It's pretty easy to write hijackable versions of broadcast. This would allow using the loop fusion mechanism to fuse loops for any function that would benefit from loop fusion, like filter or mapslices. I think? all that would be required is using the two functions below instead of the regular versions when parsing the dot syntax.

function maybe_broadcast(args...; _f = broadcast, kwargs...)
  _f(args...; kwargs...)
end

function maybe_broadcast!(args...; _f = broadcast!, kwargs...)
  _f(args...; kwargs...)
end
stevengj commented 8 years ago

How exactly would filter(f, g.(args...)) be able to use loop fusion? It seems like the parser would have to know about the filter function.

bramtayl commented 8 years ago

Maybe I'm missing something.
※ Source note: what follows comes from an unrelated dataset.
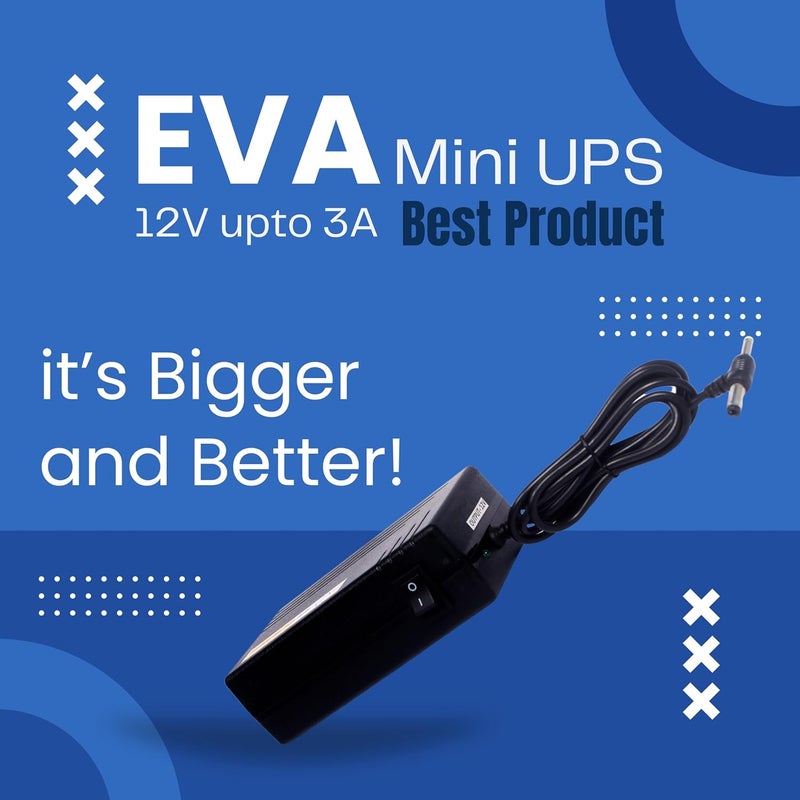 EVA ELETRONICS EVA Mini UPS for 9V WiFi Router | Backup Upto 5 Hours | 6000 mAh Battery | Uninterruptible Power Supply | All 9V (0.5A - 3A) WiFi Routers | Zero Lag Switching | Power Backup During Power Cuts - Image 5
Wouldn't

a.(b.(c.(A)), _f = filter)

turn into

maybe_broadcast(x -> a(b(c(x))), A, _f = filter)

turn into

filter(x -> a(b(c(x))), A)

?

Edit: Is the issue that it would turn into

maybe_broadcast((x, f) -> a(b(c(x)), _f = filter), A, filter)
stevengj commented 8 years ago

@bramtayl, no, it would turn into maybe_broadcast(x -> a(b(c(x)); _f = filter), A). Keyword arguments get passed to the respective function, not to broadcast.

stevengj commented 8 years ago

It seems like we'd need a new syntax, like filter..(a.(b.(c(A))).

bramtayl commented 8 years ago

darn. well that syntax seems nice?

stevengj commented 8 years ago

Don't take my offhand syntax suggestions too seriously! It would take a while and a lot of thought to hash out what the implications and semantics would be, and to decide whether a new syntax is really worth it vs. just typing filter(x -> a(b(c(x))), A). See #8450 for how long it took to settle on f.(args...).

stevengj commented 8 years ago

I feel like maybe we should have a "vectorization" label to group issues and PRs related to this stuff?